Every week, WoW Insider brings you Gold Capped, in which Fox Van Allen and Basil "Euripides" Berntsen aim to show you how to make money on the auction house. Capitalism is the best, and communism is for dirty, Soviet-sympathizing hippies. If you disagree, Email Fox or twitter him @foxvanallen so you can be added to the CIA's "list."

On June 24, 2010, I woke up at 4 a.m. I grabbed some coffee, got into my car with my roommates, and went to the Cambridgeside Galleria mall to stand in a ridiculously long line. The goal: to get an Apple iPhone 4. It was the latest and greatest thing, and we all had to have it.

A very similar dynamic is happening right now in the World of Warcraft. There are a slew of new-for-patch-4.2 items currently available on the auction house. New BOE gear from Firelands. New tailoring and leatherworking patterns. New blacksmithing plans. Living Embers. New PVP gear. They're all -- at least in theory -- high-demand items. After all, given players' insatiable lust for better gear, customers should be lining up around the (virtual) block to be buying all this stuff.

But on many servers, they're not. The demand is clearly there, but markets are struggling to function.

What happened? Why did the market break? What are players doing wrong? And how exactly are you supposed to play the market with these new-for-4.2 items?



Case in Point: The Living Ember

The Living Ember is a BOE Firelands drop that's obtained from killing bosses therein. It's this raid tier's Primordial Saronite, with one sharp difference: You can't buy Living Embers with valor points. This severely limits supply, which of course puts upward pressure on Living Ember prices. And because of that natural urge to buy the latest and greatest the second it's available, demand for Living Embers (the items you can craft with them) is high, too.

High demand plus low supply equals a seller's dream market. Huge profits are just sitting out there, at least in theory, waiting for any guild or PUG raider who gets their grubby hands on a Living Ember.

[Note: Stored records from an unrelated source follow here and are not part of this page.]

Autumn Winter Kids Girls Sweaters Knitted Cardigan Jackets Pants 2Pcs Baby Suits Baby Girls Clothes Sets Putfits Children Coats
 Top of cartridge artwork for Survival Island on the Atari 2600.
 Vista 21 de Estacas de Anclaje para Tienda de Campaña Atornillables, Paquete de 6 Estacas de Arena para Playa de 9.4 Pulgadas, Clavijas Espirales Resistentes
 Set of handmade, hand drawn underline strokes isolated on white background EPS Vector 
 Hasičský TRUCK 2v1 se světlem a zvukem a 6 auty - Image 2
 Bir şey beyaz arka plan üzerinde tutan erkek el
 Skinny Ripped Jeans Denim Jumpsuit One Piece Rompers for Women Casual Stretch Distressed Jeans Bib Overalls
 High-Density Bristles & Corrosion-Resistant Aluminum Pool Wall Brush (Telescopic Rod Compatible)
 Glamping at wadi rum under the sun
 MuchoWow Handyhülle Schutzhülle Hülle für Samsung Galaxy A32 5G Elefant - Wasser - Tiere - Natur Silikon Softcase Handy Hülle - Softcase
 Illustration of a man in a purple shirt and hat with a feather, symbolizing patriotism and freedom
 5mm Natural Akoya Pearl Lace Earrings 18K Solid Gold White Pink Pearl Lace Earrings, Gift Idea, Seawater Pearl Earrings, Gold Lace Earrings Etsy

But very few sellers actually benefited from those perfect storm conditions. Why? The Living Ember market is broken.

Supply is far too constricted. In Wrath, Blizzard allowed raiders -- and indeed, even more casual non-raiders -- to buy each tier's crafting "orbs" for emblems. In Cataclysm, that's simply not been the case. Chaos Orbs are only accessible by running heroics (they're still bind on pickup), and Living Embers, though sellable, are only accessible through raiding.

Having Primordial Saronite available for immediate purchase at emblem vendors seemed to work well with managing supply. Quantities were still quite limited at first, but high prices convinced those sitting on Frost Emblems to forgo their tier 9 gear and buy Primordial Saronite to sell, instead. Initial prices were high -- often around 10,000g. But these prices were reasonably high. People were willing to buy at that price point.

And as the high rollers filtered themselves out of the market, prices on Saronite dipped quickly. A few weeks later, Primordial Saronite was 2,500 to 5,000 gold apiece -- a price that held fairly steady. Raiders and guilds sold Saronite for profit; raiders and guilds bought Saronites to craft epics. The market worked, even if many players could only participate on the "seller" side of the equation.

But in Cataclysm, without any other source for Living Embers but raids, there just aren't enough people participating in the market to correct it. There are very few sellers, and they're fumbling in the dark without a clue what to price these things at. People are listing them way too high, leaving them to languish on the auction house without a buyer. That doesn't help buyers or sellers.

Though demand is high, there's little motivation to sell. The people who want Living Embers the most are raiders. The only people who can sell Living Embers are raiders. Therein lies the problem with the market -- there's just little desire to sell right now. Most raid teams are keeping these hard-to-get items "in the family," so to speak.

Changes to the way guilds make money in Cataclysm are only exacerbating the problem with this market. The guild perk Cash Flow ensures that guilds with active members have money to spend on them. Further, for level 25 guilds, completing "guild challenges" -- as simple here as running heroics, battlegrounds, or raids in guild groups -- awards large sums of money each week:

  • 250g per heroic times seven heroics/week = 1,750g

  • 500g per rated battleground times three rated BGs/week = 1,500g

  • 1,000g per raid once/week = 1,000g

Granted, in the great scheme of things, the 5,000 gold or more that a guild can make each week isn't a lot when you divide it over the sum total of players in the guild. Still, it's money that the guild doesn't have to come up with elsewhere. Simply put: The more money guilds make without selling BOEs, the less incentive they have to sell BOEs.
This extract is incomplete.